Jak wiele jest wart dla Was Wasz pies?

Czy porzucilibyście pracę, aby odnaleźć swojego czworonoga?

Carol King ze stanu Waszyngton spędziła 57 dni na poszukiwaniach swojego zaginionego psa.

„Jeśli kochasz swojego czworonoga nie możesz się poddać. Wiesz, że Twój pies szuka Ciebie. Więc i Ty musisz szukać swojego psa. Musisz mieć nadzieję. Nie możesz się poddać” – powiedziała Carol.

W lipcu państwo King, wraz ze swoją 7-letnią suczką o imieniu Katie, udali się w podróż do Montany. Podczas ich pobytu w miejscowości Kalispell, 20 lipca, sunia przestraszyła się grzmotów i uciekła z hotelu. Zrozpaczeni właściciele rozwiesili ponad 500 ulotek w pobliskiej okolicy. Podczas swoich poszukiwań wykorzystali nawet kamery sportowe i noktowizory. Niestety nikt nie widział Katie.

Carol King postanowiła zwolnić się z pracy i zostać w okolicach Kalispell. Przez prawie dwa miesiące King nieustanie rozwieszała ulotki i jeździła po okolicznych miejscowościach w poszukiwaniu Katie.

W końcu 14 września, nieznajomy mężczyzna zadzwonił na numer z ulotki twierdząc, że pies o wyglądzie Katie był w jego ogródku. Niestety kiedy King dojechała na miejsce psa już nie było.

Zdesperowana wróciła w to samo miejsce następnego dnia i rozpoczęła przeczesywanie okolicy. Kilka godzin później, przy pomocy okolicznych mieszkańców, Katie została namierzona. Leżała pod jednym z drzew.

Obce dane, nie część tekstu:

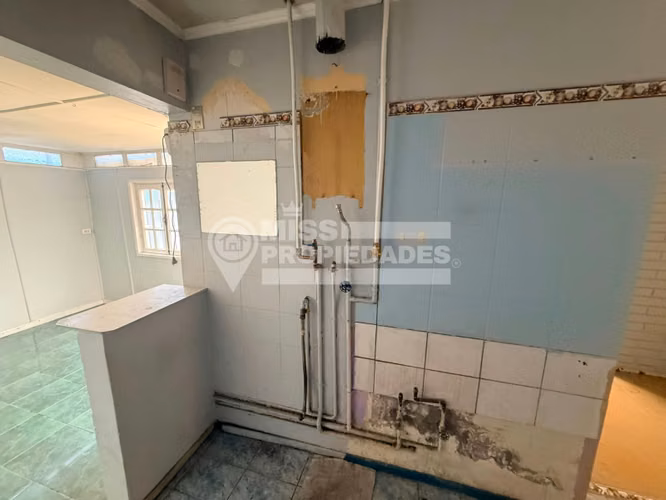 VENDE CASA VILLA HUAYTIQUINA, CALAMA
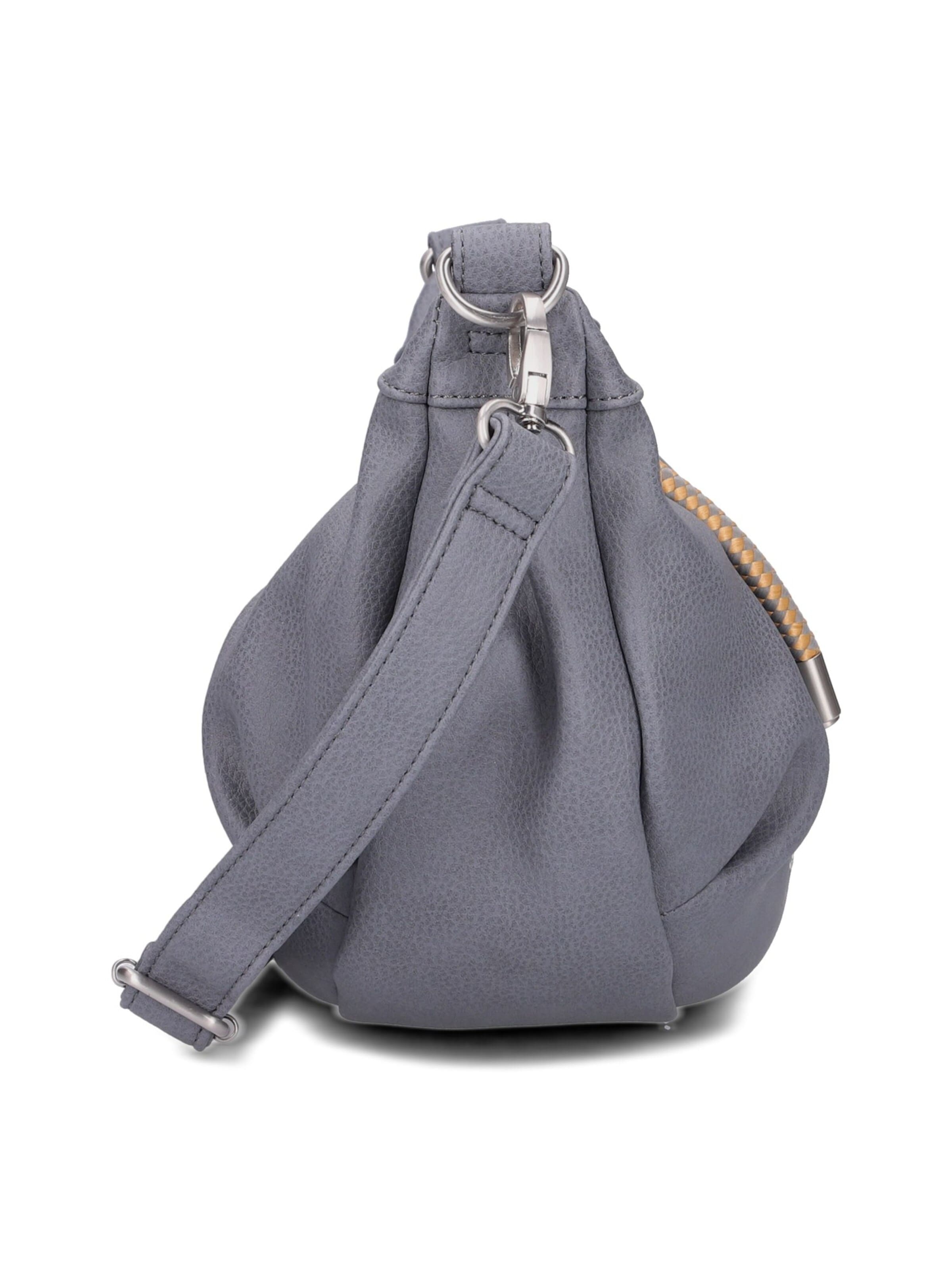 ZWEI Handbag 'Lola Lo70' in Blue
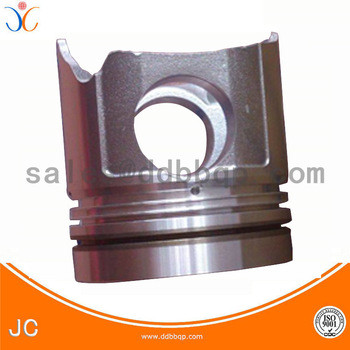 high quality Diesel Engine Parts Piston for S6D108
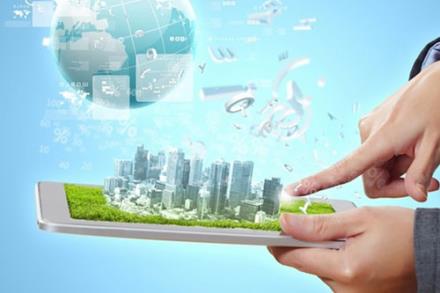 Thiết kế website bất động sản cho nhà môi giới và sàn giao dịch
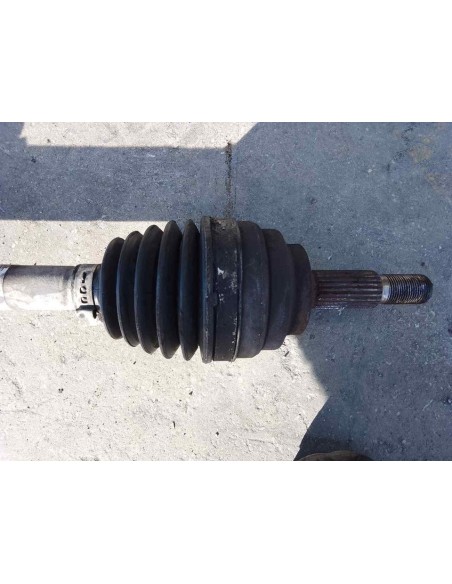 TRANSMISION DELANTERA DERECHA RENAULT KANGOO I (F/KC0) - 192669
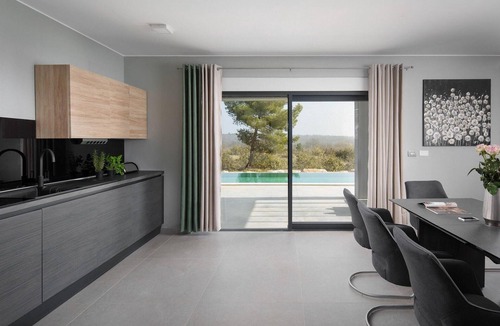 Orbanici House | Awesome home in Vodnjan with sauna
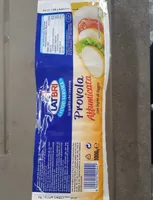 provola affumicata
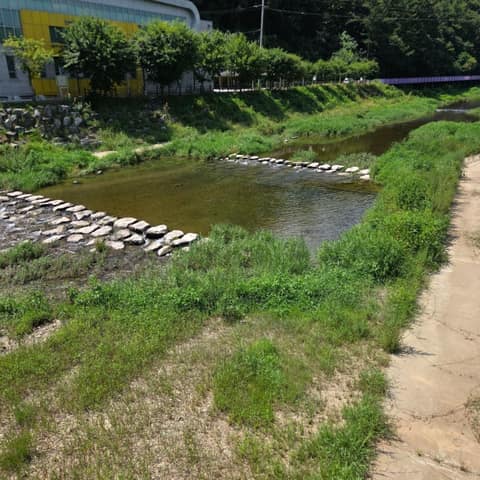 경기둘레길양평26코스 사진 4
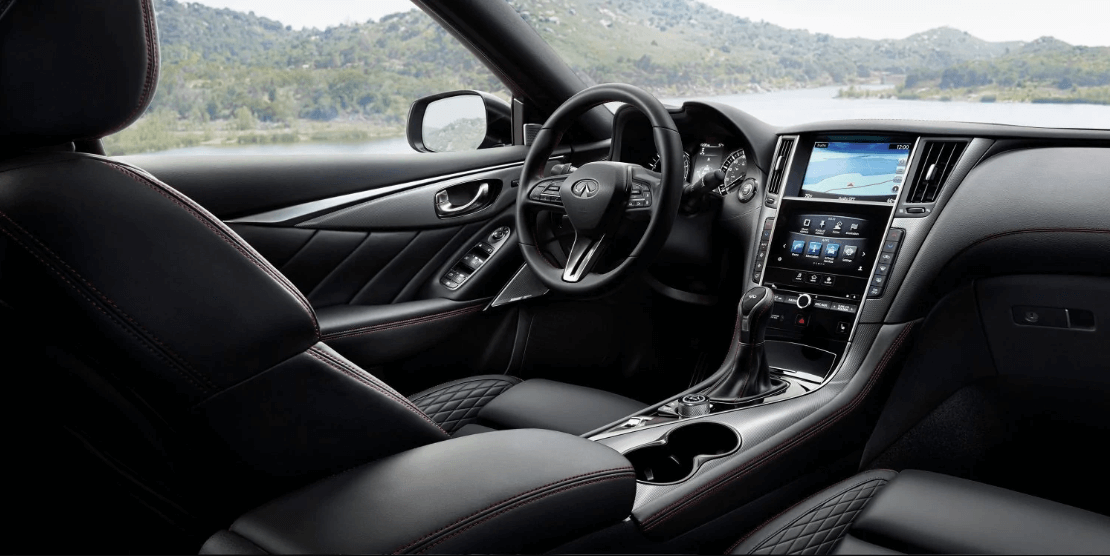 2019 Infiniti Q50 Financing And Lease Deals Denville Nj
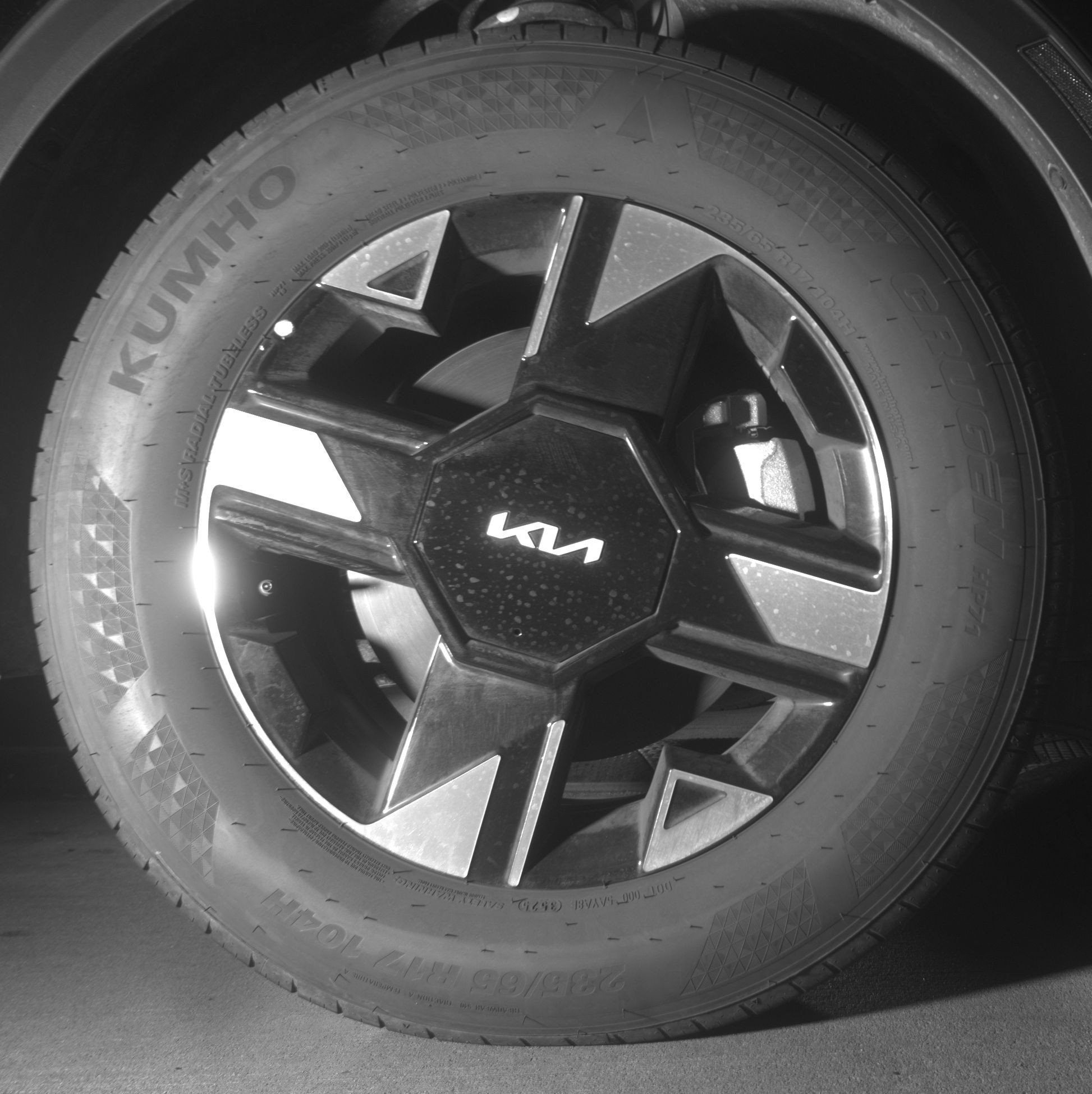 Thumbnail: 2026 Kia Sportage - 13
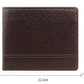 Rustic Brown Synthetic Leather Lining for Male Suitcase CHF CH - Snakes Don’t Bite Back D2418-1 Wallet in Style united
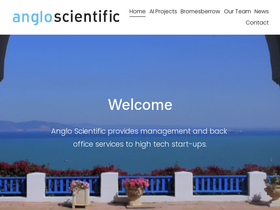 angloscientific.com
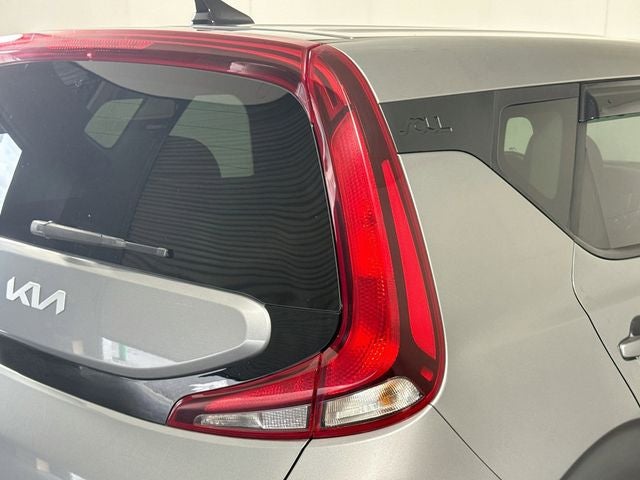 2022 Kia Soul S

„Kiedy ją zobaczyłam, podbiegłam do niej i ją przytuliłam. Łzy płynęły po moich policzkach, a mieszkańcy przytulali nas i bili brawo. Myślę, że cała okolica wiedziała, że ją znaleźliśmy”.
„Naprawdę chcę podziękować społeczności” – powiedziała King. „To było po prostu niesamowite, praca zespołowa, której celem było znalezienie nieznajomego psa”.